Comment 20 Aaron Lu 2013-09-13 03:09:51 UTC
(In reply to shui yangwei from comment #18)
> [  788.893800] [drm:ironlake_panel_vdd_off_sync], PP_STATUS: 0xabcd000f
> PP_CONTROL: 0x80000008
> [  789.628751] ax88179_178a 1-6.2:1.0 enp0s20u6u2: ax88179 - Link status is:
> 1
> [  789.881664] hpet_rtc_timer_reinit: 7 callbacks suppressed
> [  789.885830] hpet1: lost 9599 rtc interrupts
> [  790.212860] hpet1: lost 9599 rtc interrupts

Try unset CONFIG_HPET_EMULATE_RTC in you kernel config and see what would happen.
Comment 21 Lan Tianyu 2013-09-13 07:24:25 UTC
Hi Yangwei:
       Could you check the machine's swap partition and test with kernel param "resume=(swap partition e.g /dev/sda3)" ?
Comment 22 shui yangwei 2013-09-16 05:20:15 UTC
(In reply to Lan Tianyu from comment #21)
> Hi Yangwei:
>        Could you check the machine's swap partition and test with kernel
> param "resume=(swap partition e.g /dev/sda3)" ?

Yeah, I tested it just like what you say, loop running S4 120 rounds, all passed.
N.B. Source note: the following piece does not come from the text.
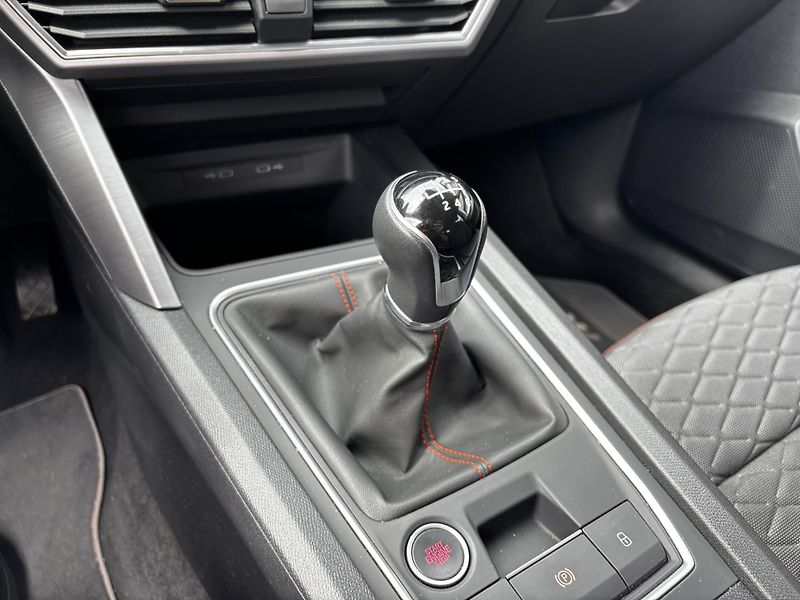 Seat Leon (2023) Sportstourer FR 1.5 TSI  - fotka 14 z 16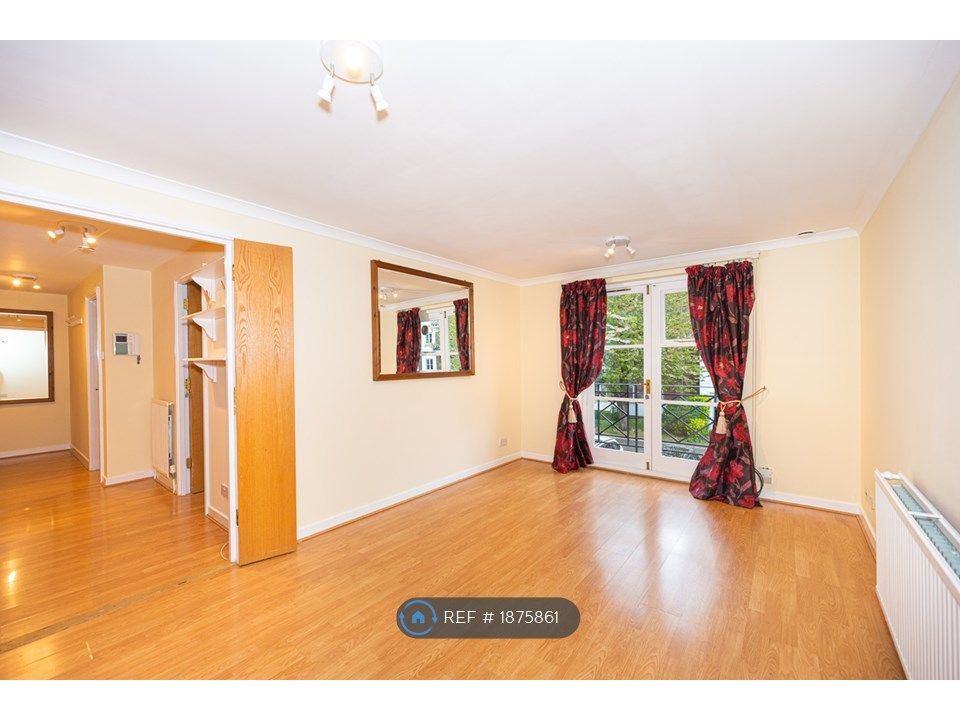 2 bed flat to rent in Brompton Park Crescent, London SW6, £2,626 pcm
Might this kernel command really worked.
Comment 23 Lan Tianyu 2013-09-16 05:41:35 UTC
This proves hibernation function works since this param is to make kernel to start hibernation resume. Original the hibernation resume is triggered by initrd. So I think the initrd was abnormal and didn't trigger hibernation resume. The reboot also is suspicious and seems not a ordinary reboot because the log doesn't show some logs of reboot.
Comment 24 Guang Yang 2013-11-08 08:15:49 UTC
Tianyu, any updated or idea for this bug?
Comment 25 Lan Tianyu 2013-11-08 08:36:16 UTC
Sorry, current have no idea about what the user space did to trigger the abnormal reboot.
Comment 26 Lan Tianyu 2013-12-02 08:20:15 UTC
Since this bug is hard to root cause and this maybe triggered by Bios(Baytrail-M is still under developing and Bios is not stable), mark this bug as WILL_FIX_LATER.